== Material for the task ==

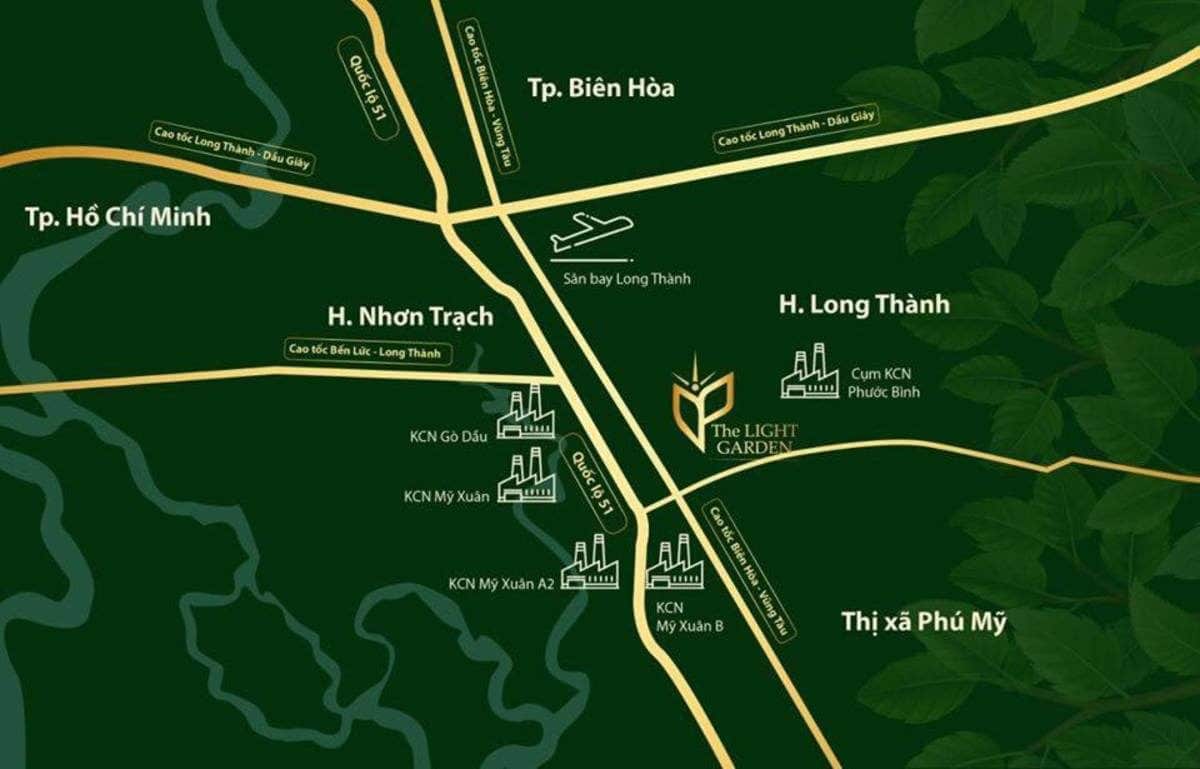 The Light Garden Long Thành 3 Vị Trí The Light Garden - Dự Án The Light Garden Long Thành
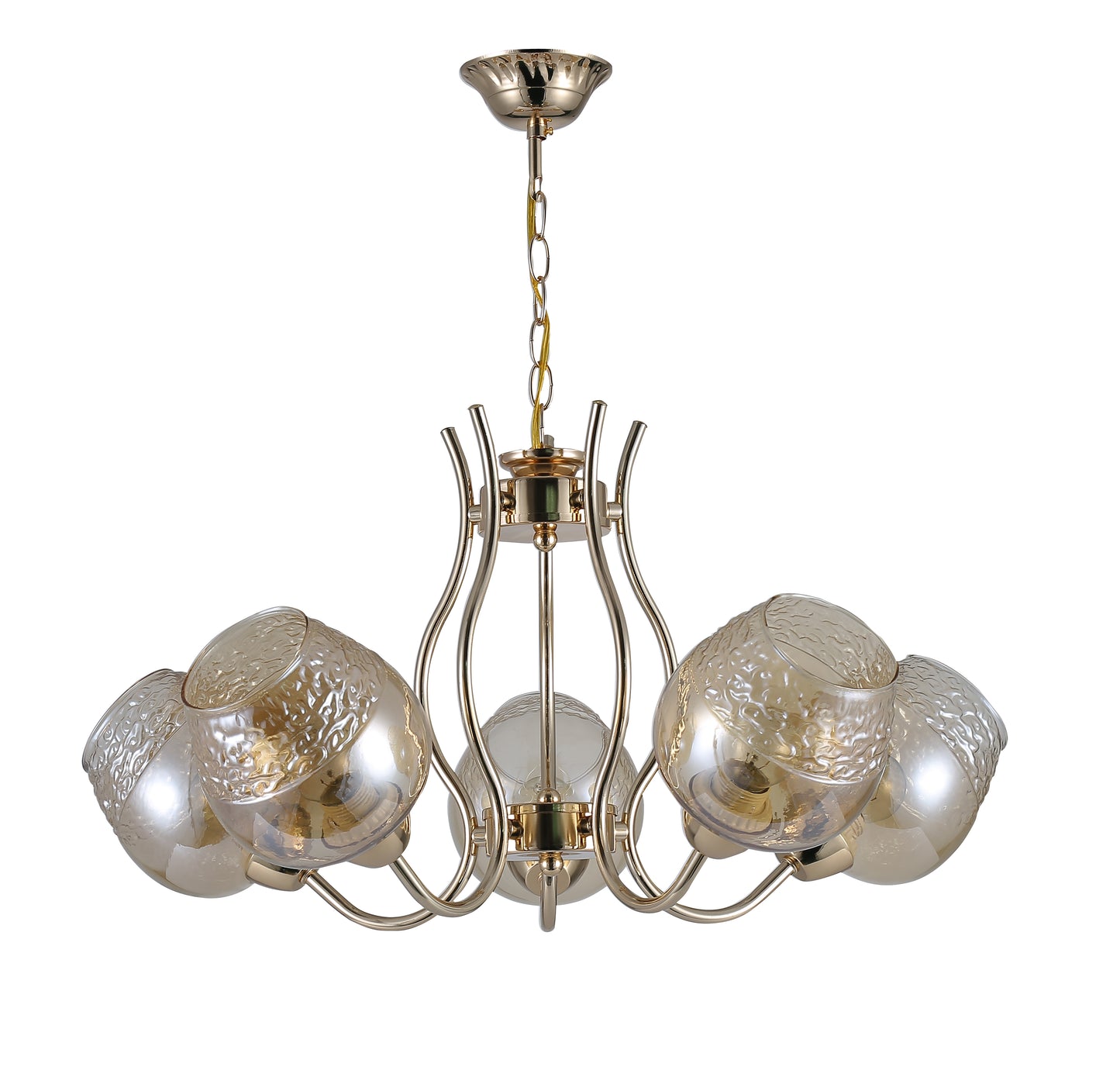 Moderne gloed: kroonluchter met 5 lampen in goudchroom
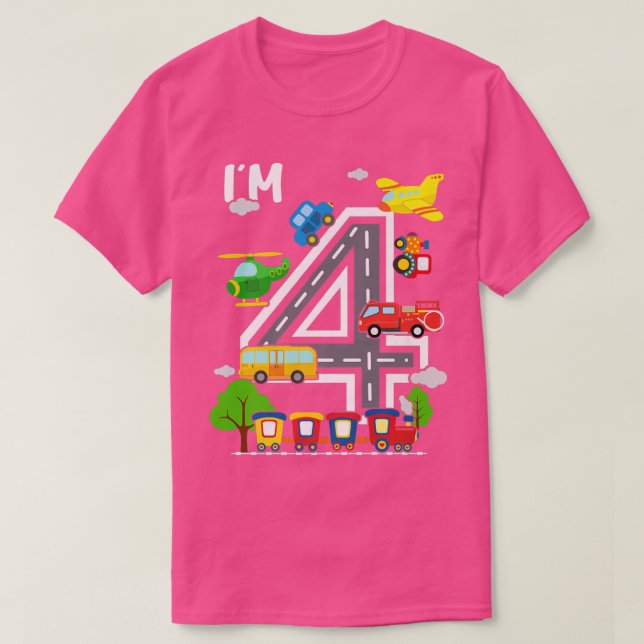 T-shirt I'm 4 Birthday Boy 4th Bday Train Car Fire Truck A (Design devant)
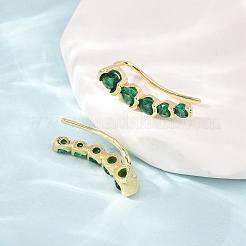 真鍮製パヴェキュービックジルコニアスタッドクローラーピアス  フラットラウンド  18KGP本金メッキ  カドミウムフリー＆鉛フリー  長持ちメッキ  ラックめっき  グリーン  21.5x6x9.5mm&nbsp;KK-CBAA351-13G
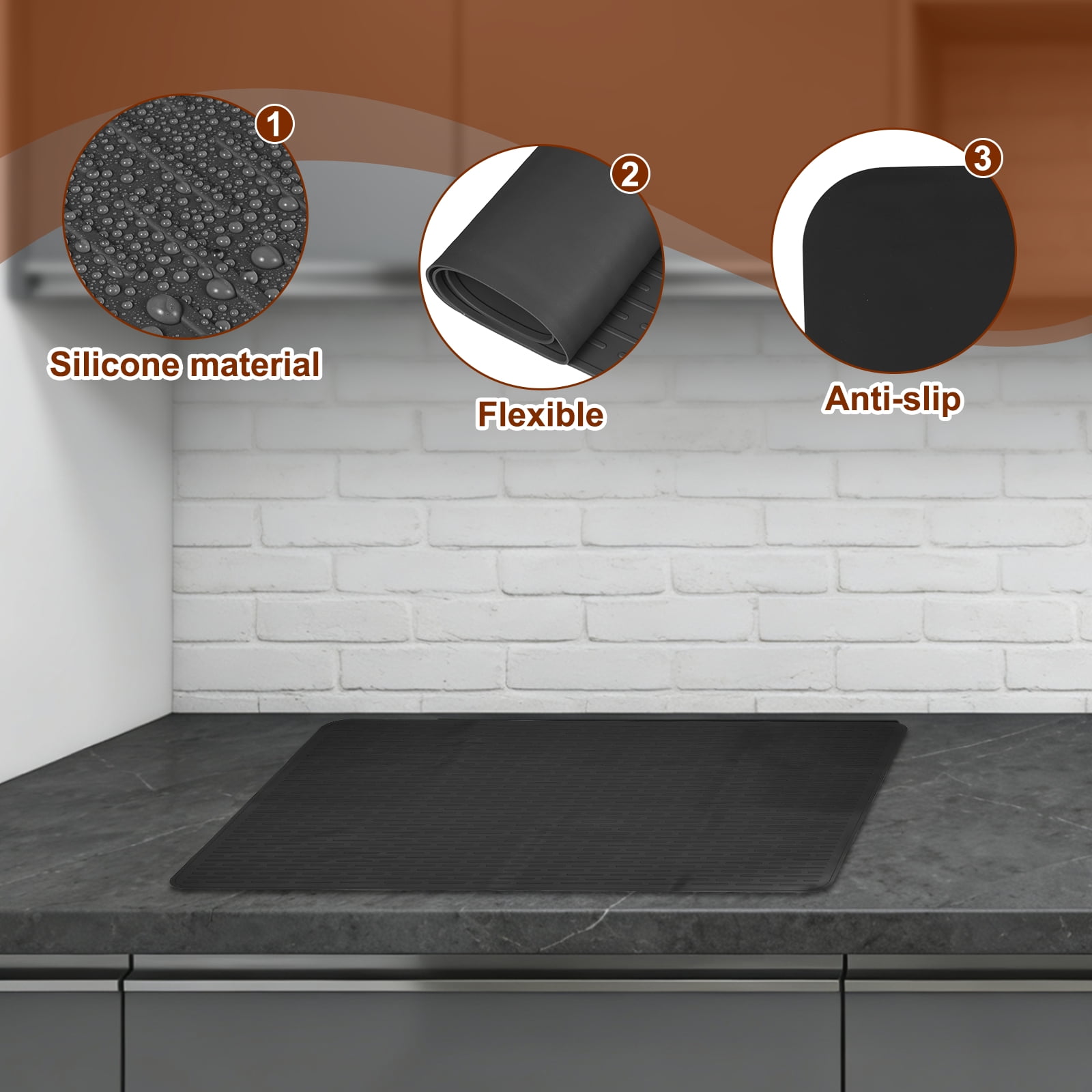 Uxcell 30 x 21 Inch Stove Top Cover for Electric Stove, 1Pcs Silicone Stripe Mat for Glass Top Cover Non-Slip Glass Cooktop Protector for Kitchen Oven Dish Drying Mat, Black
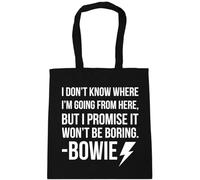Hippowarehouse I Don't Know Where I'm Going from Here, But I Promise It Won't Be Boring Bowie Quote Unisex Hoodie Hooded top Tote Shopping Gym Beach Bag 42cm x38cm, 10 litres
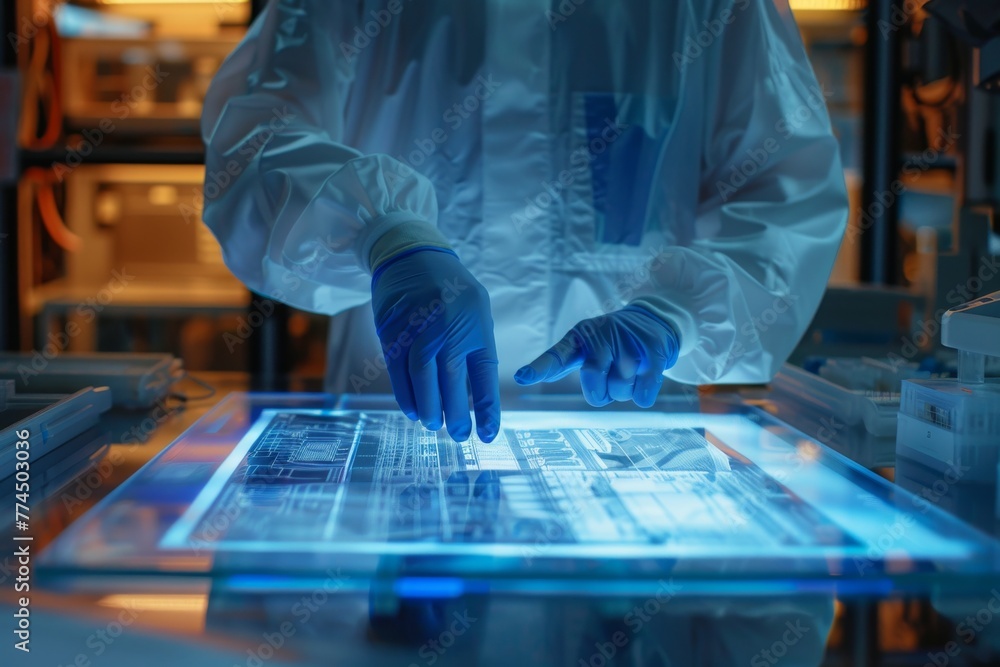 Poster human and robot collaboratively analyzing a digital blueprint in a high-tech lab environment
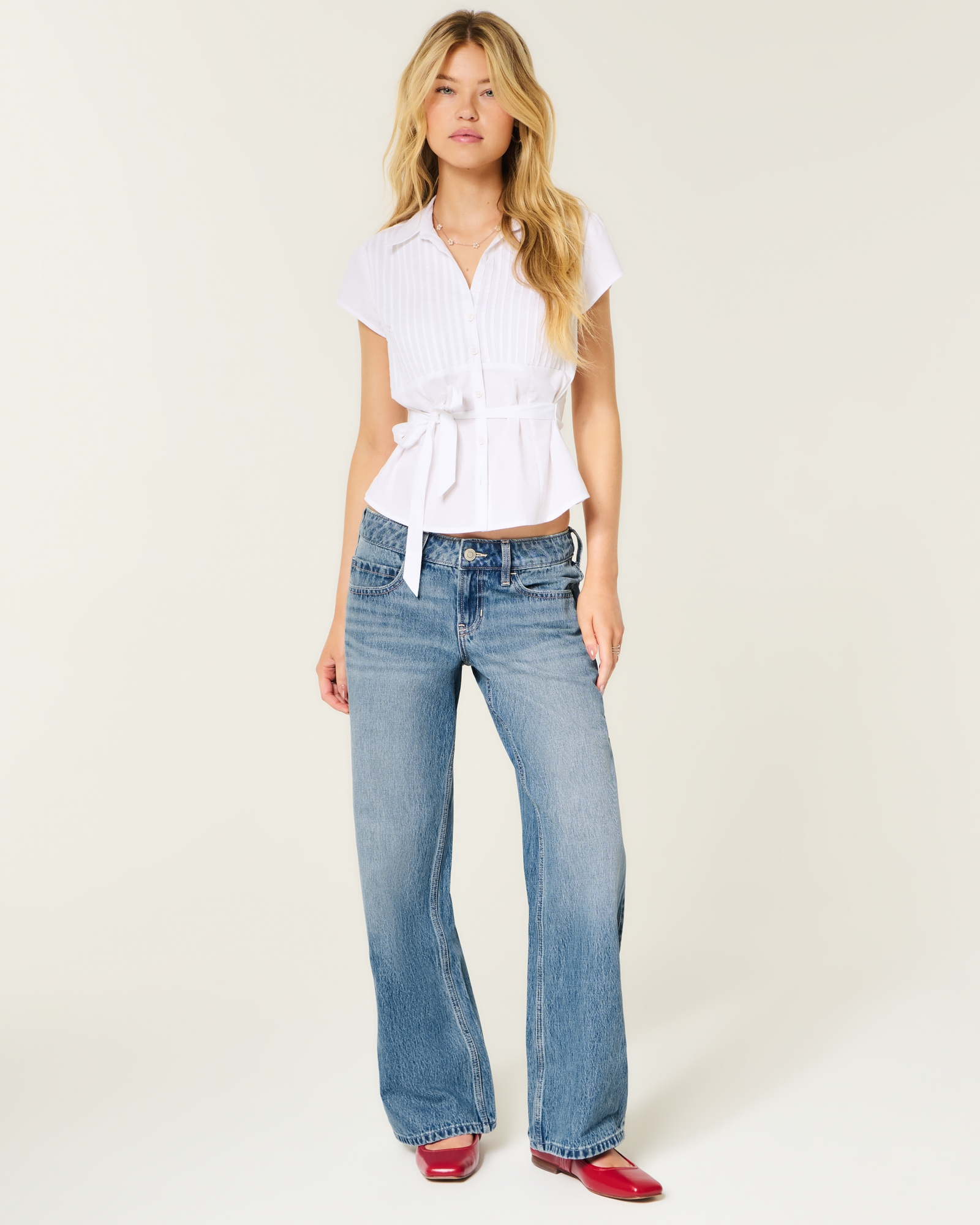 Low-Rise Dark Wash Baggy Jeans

===

§ Directions:
Set down every entry above without alteration, but print no images.

§ Result of this task:
 The Light Garden Long Thành 3 Vị Trí The Light Garden - Dự Án The Light Garden Long Thành
 Moderne gloed: kroonluchter met 5 lampen in goudchroom
 T-shirt I'm 4 Birthday Boy 4th Bday Train Car Fire Truck A (Design devant)
 真鍮製パヴェキュービックジルコニアスタッドクローラーピアス  フラットラウンド  18KGP本金メッキ  カドミウムフリー＆鉛フリー  長持ちメッキ  ラックめっき  グリーン  21.5x6x9.5mm&nbsp;KK-CBAA351-13G
 Uxcell 30 x 21 Inch Stove Top Cover for Electric Stove, 1Pcs Silicone Stripe Mat for Glass Top Cover Non-Slip Glass Cooktop Protector for Kitchen Oven Dish Drying Mat, Black
Hippowarehouse I Don't Know Where I'm Going from Here, But I Promise It Won't Be Boring Bowie Quote Unisex Hoodie Hooded top Tote Shopping Gym Beach Bag 42cm x38cm, 10 litres
 Poster human and robot collaboratively analyzing a digital blueprint in a high-tech lab environment
 Low-Rise Dark Wash Baggy Jeans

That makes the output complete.